Garner is the former police chief in Kalispell, and now represents House District 7.
The bill, called the Bridge and Road Safety Accountability Act, will include a fuel tax increase, with the amount to be determined. Before looking at revenues, Garner said, he wants to seek out efficiencies in current transportation spending and ensure accountability by taking care that every new dollar the bill allocated for transportation is accounted for to legislators.
On Jan. 12, he said the bill was in the drafting stages and that he is working closely with fellow lawmakers and the Montana Infrastructure Coalition, a group that includes contractors, engineers, unions, and local governments.

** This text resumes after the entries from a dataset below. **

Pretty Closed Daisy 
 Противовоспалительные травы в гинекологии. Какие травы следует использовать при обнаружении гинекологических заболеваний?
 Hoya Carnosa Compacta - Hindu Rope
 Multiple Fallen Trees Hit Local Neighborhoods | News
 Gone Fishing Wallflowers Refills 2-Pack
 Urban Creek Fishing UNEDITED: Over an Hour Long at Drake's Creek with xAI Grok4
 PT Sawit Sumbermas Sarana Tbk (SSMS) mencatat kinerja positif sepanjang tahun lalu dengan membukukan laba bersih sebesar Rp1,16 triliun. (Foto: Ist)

Members of the coalition are charged with drafting a plan that goes beyond what Bullock has proposed, and have released a report detailing the state’s infrastructure needs. The report shows that deteriorated, congested and unsafe roads and bridges cost Montana drivers $794 million annually in higher vehicle operating costs, crashes and delays.
The report by TRIP, a nonprofit group that researches surface transportation issues, was released Jan. 12. The coalition has also proposed a 10-cent-per-gallon fuel tax increase to improve state and local roads and bridges.
The Montana Department of Transportation has estimated it will face an annual funding shortfall of $874 million through 2021, which could cause many needed projects to be stopped or delayed.
Garner said a fuel tax would generate new revenues, but efficiency and accountability would go a long way toward paring down spending.
“My main concern is public safety and that we have to do something about our infrastructure, and so to that end, I am going to work with the coalition and members of the Legislature with the mission of improving bridge and road safety,” he said. “The mission is not to raise the fuel tax by a certain percent, but we have to talk about additional revenues.”
“They sent me here to be more than a witness. They sent me here to be involved in government,” Garner added.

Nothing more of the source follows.